Wisps of information in the wind suggest a far different, deeper concern. The president’s finances have always been suspect. Some have thought them resting on shaky foundations. Ongoing investigations have looked to his banking and investments as well as those of his closest family. Several of the special counsel’s prosecutorial hires specialize in money-laundering cases—an odd specialty for an election fraud/computer-hacking case (which, basically, is what the Russia investigation amounts to). Perhaps, just perhaps, it is that investigation that has motivated the president’s response. (The Atlantic)

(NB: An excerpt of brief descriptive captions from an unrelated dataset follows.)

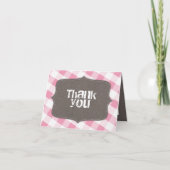 ピンクギンガムキャンバスサンキューカード サンキューカード (正面)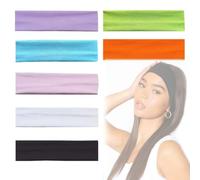 Bandeau de Sport Yoga Bandeaux Élastique Bandeau Transpiration de Coton pour Ados Filles et Femmes Jogging Yoga Vélo Fitness (Noir, Blanc, Bleu Ciel, Mauve Clair, Rose pâle, Orange, Vert foncé, 7pcs)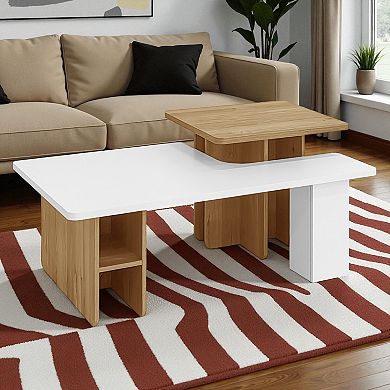 Heybly 47'' Rectangular Nesting Coffee Table Set, Sofa Table, 2-Piece Layered Tables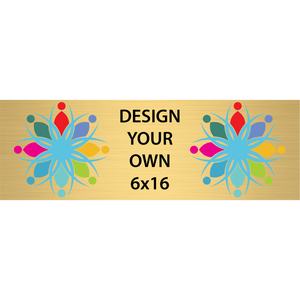 Horizontal Full Color Brass Signs 6" x 16"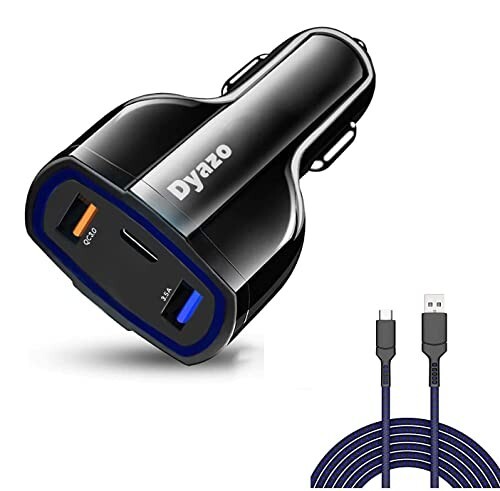 Dyazo 3 Port 36 W Turbo Car Charger QC Charging Compatible for All Qualcomm 3.0 Devices and Normal Charging for All Mobile Phone with Type c Cable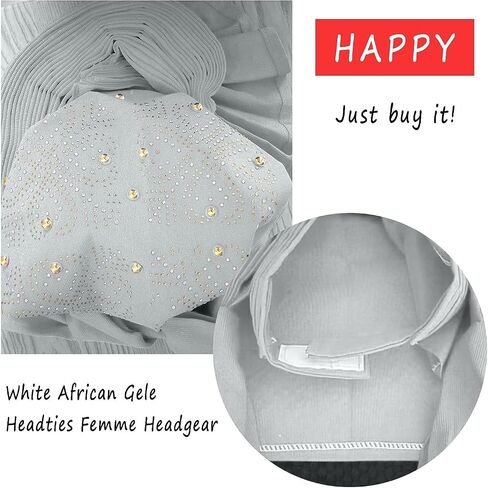 Already Made Nigerian ASO Oke Auto Gele with Stones Women Turban Hat Head Wrap African Headties Fashion Headbands for Party (Black) in Saudi Arabia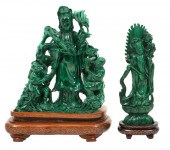2 CHINESE CARVED MALACHITE SCU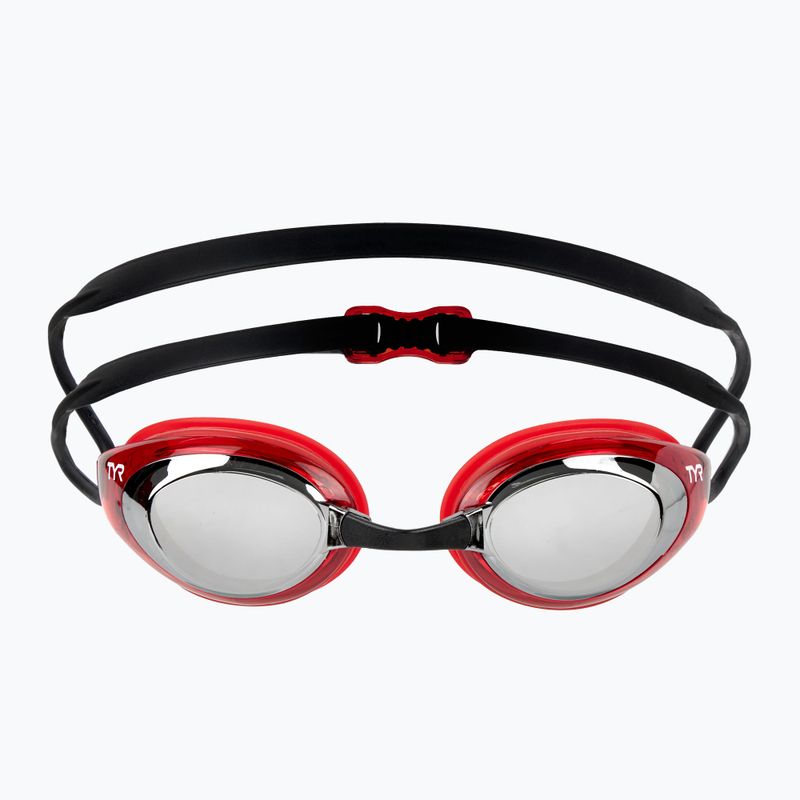 Okulary do pływania TYR Blackhawk Racing Mirrored silver/ red/ black 2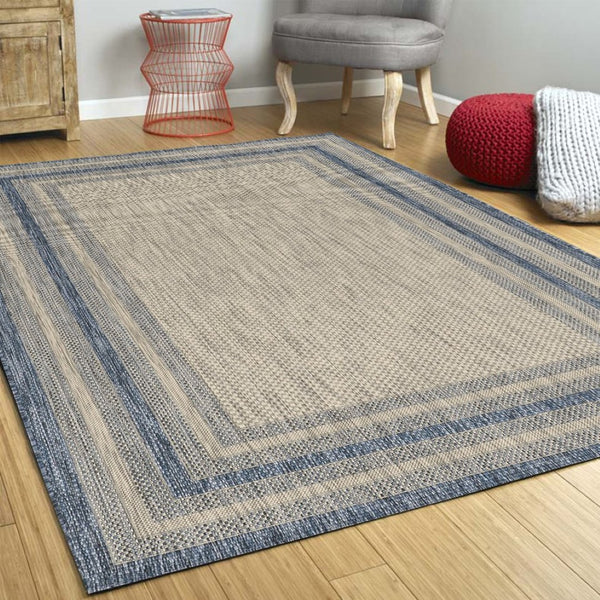 HomeRoots 5' Stylish Grey and Denim Bordered Area Rug - UV Treated, Durable, Low-Maintenance for Modern Homes 5" x 8" 353954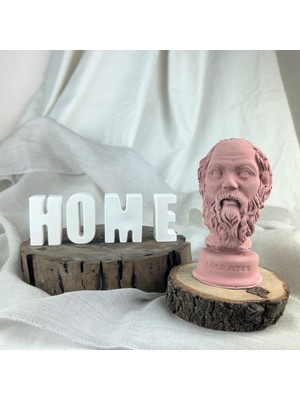 Oasis Decoration Antik Pembe Socrates 13 cm Büst ve " H O M E " Yazısı Beton Dekoratif Obje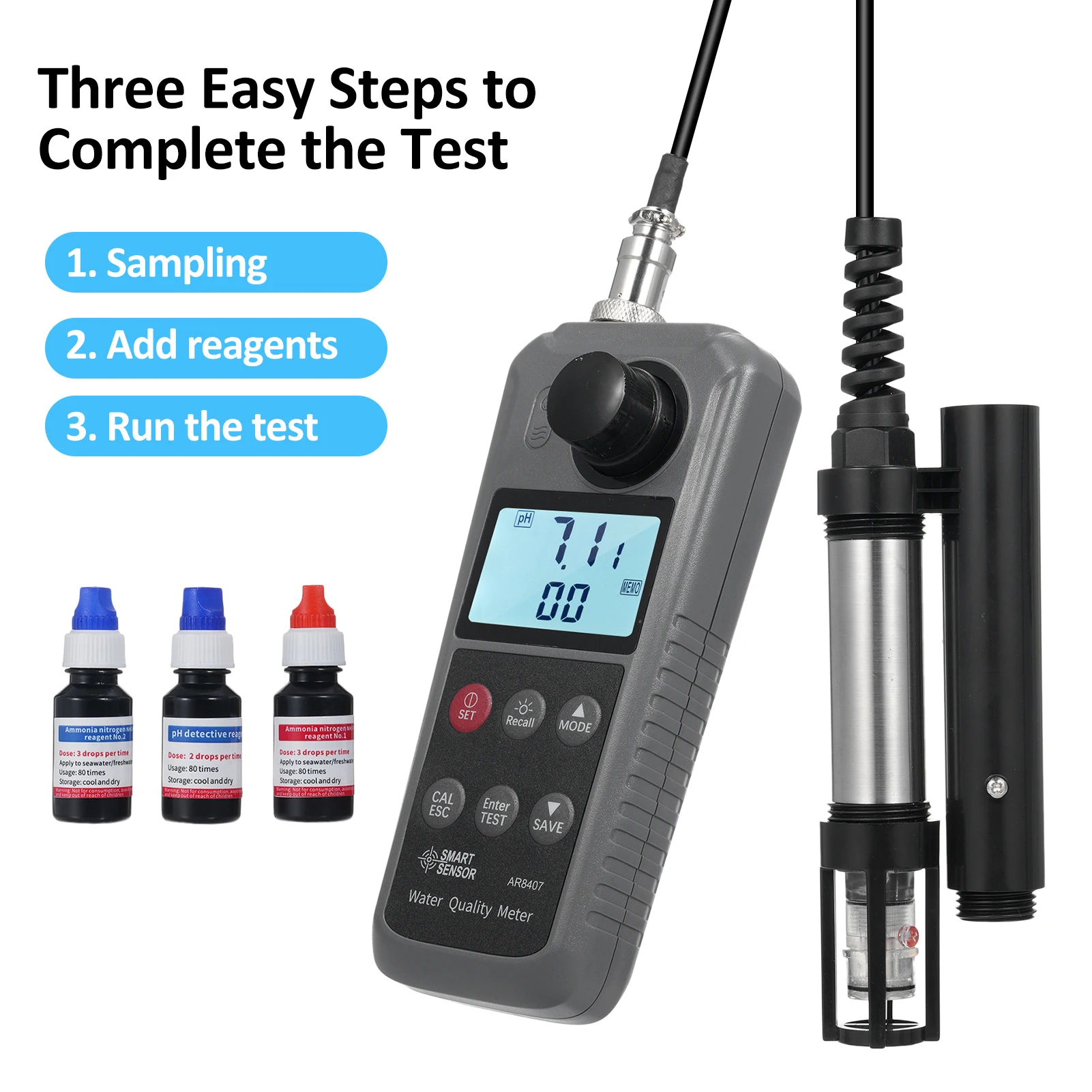 SMART SENSOR 6-in-1 Dissolved Oxygen Tester Water Quality Detector pH Value Temperature Ammonia Nitrogen Oxygen Meter DO Probe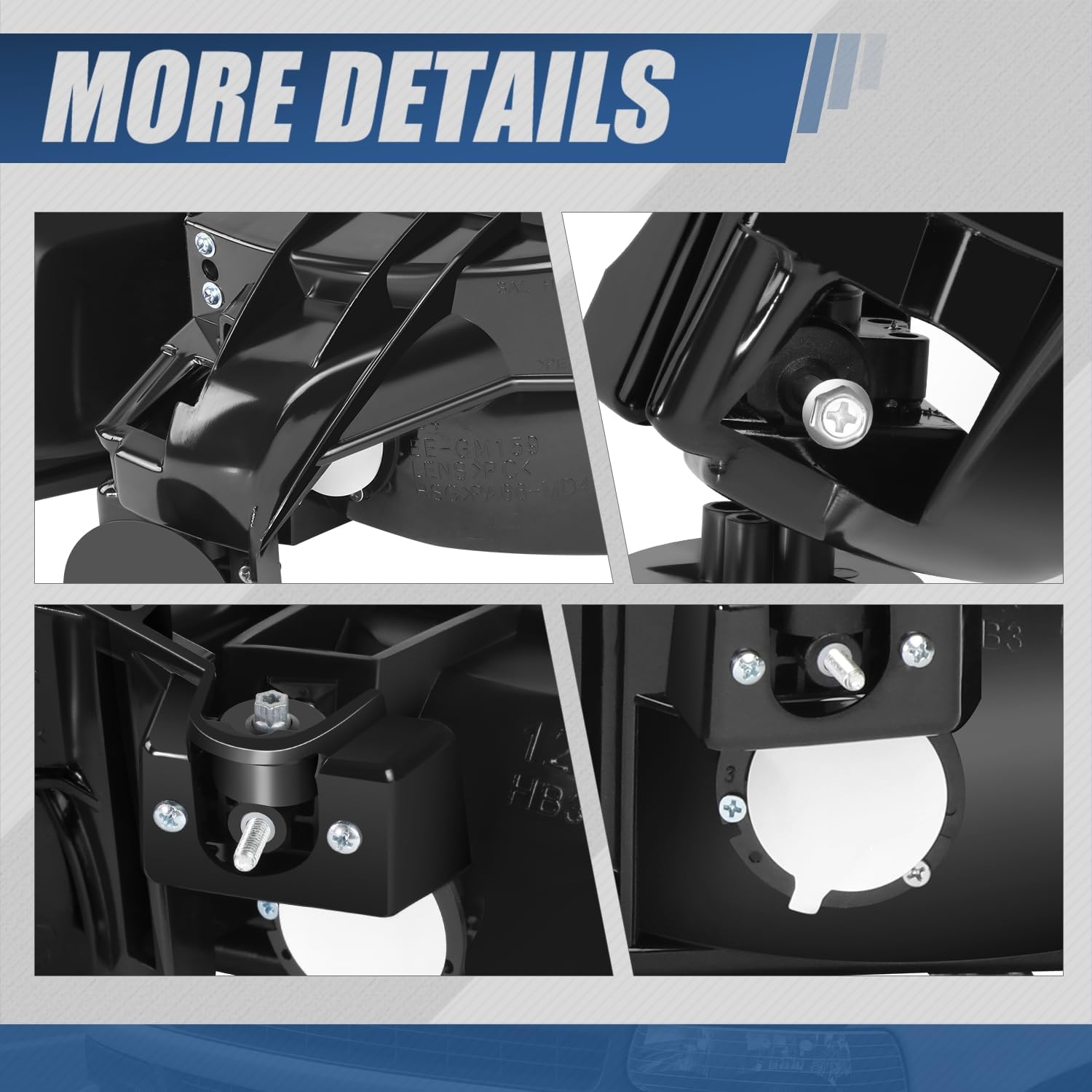 Auto Dynasty Headlights Assembly Compatible with 1999-2006 Chevy Silverado Suburban Tahoe 1500 2500 HD 3500, Driver and Passenger Side Halogen Headlamps Replacement, Black Housing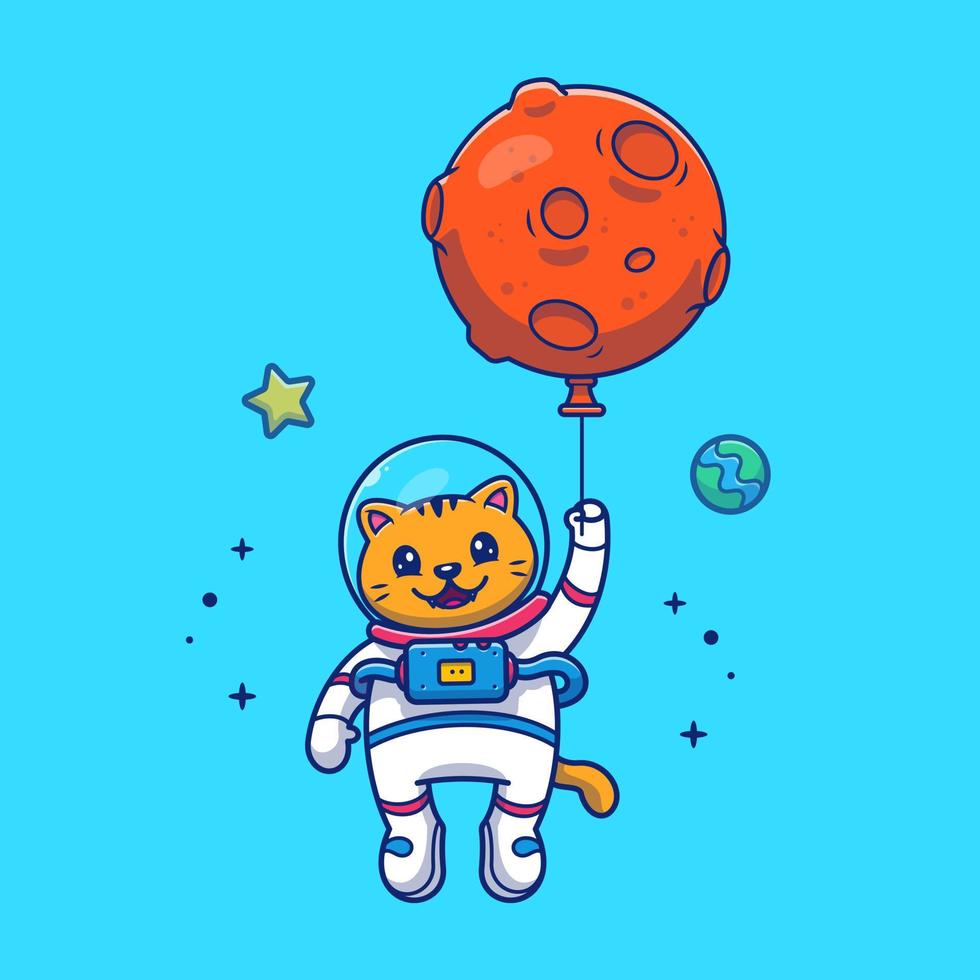söt katt astronaut håller månen ballong i rymden tecknad vektor ikonillustration. djur teknik ikon koncept isolerade premium vektor. platt tecknad stil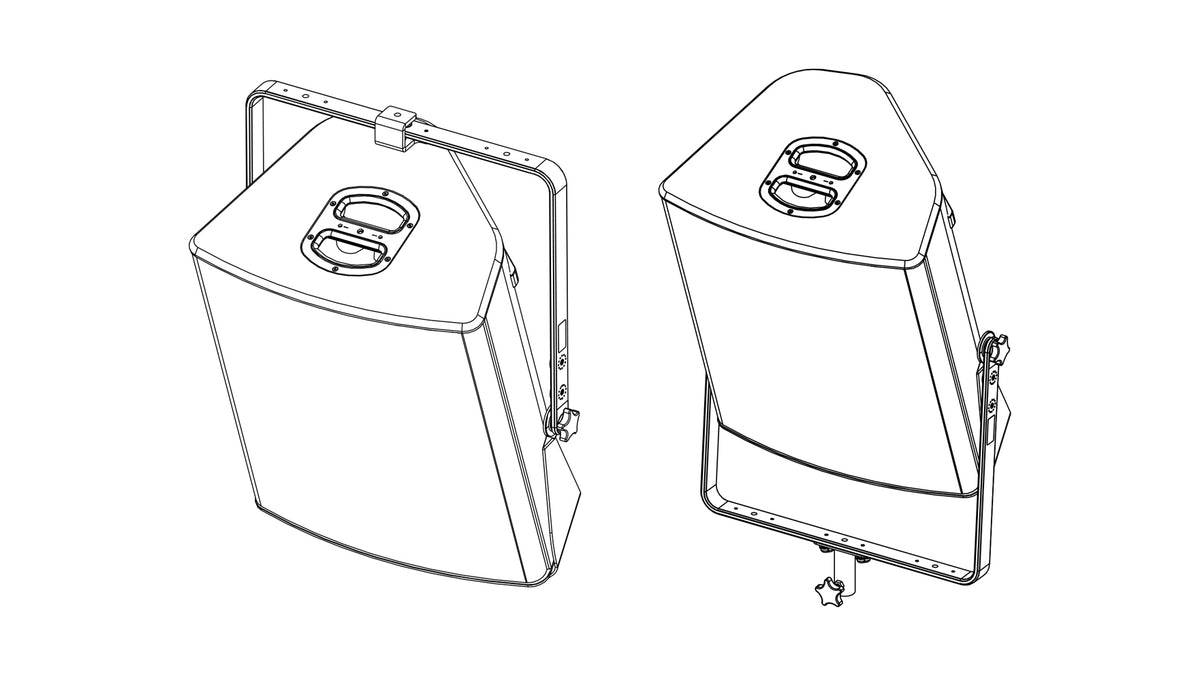 NEXO PNU-VBRK18 vertical bracket holding a P18, two views, line drawing
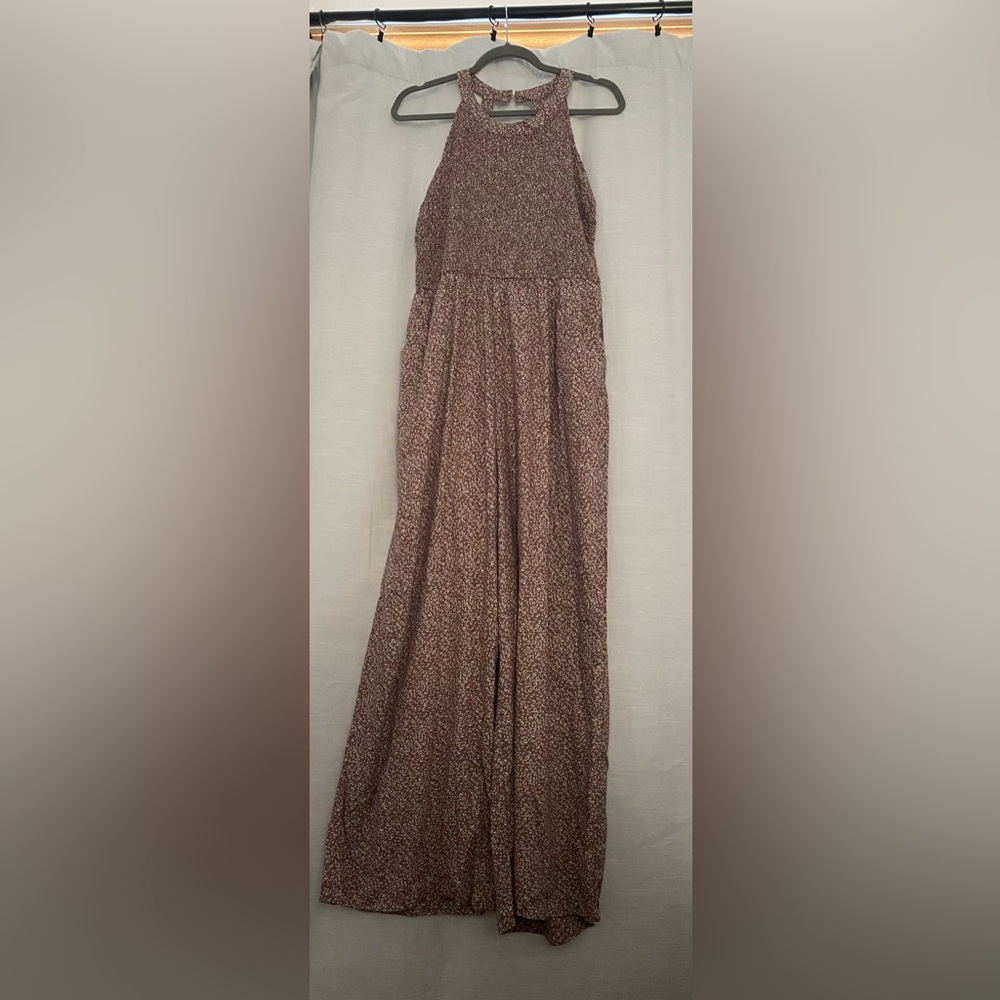 Jessica Simpson cheetah print jumpsuit brown cream size large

But, he even need not fear money laundering charges, because those too are not likely to get him indicted, however, Rosenzweig predicts. He sees little reason to believe anything is going to result in an indictment for Trump. At most, Mueller will create a report of his findings for Deputy Attorney General Rod Rosenstein (since Attorney General Jeff Sessions recused himself.)
On Monday night, the House of Representatives voted to release a memo detailing abuses at the FBI. House Speaker Paul Ryan said the memo may provide some compelling evidence for bias at the agency, but it should be considered separate from the Mueller investigation.
"This is a completely separate matter from Bob Mueller's investigation, and his investigation should be allowed to take his course,” Ryan said.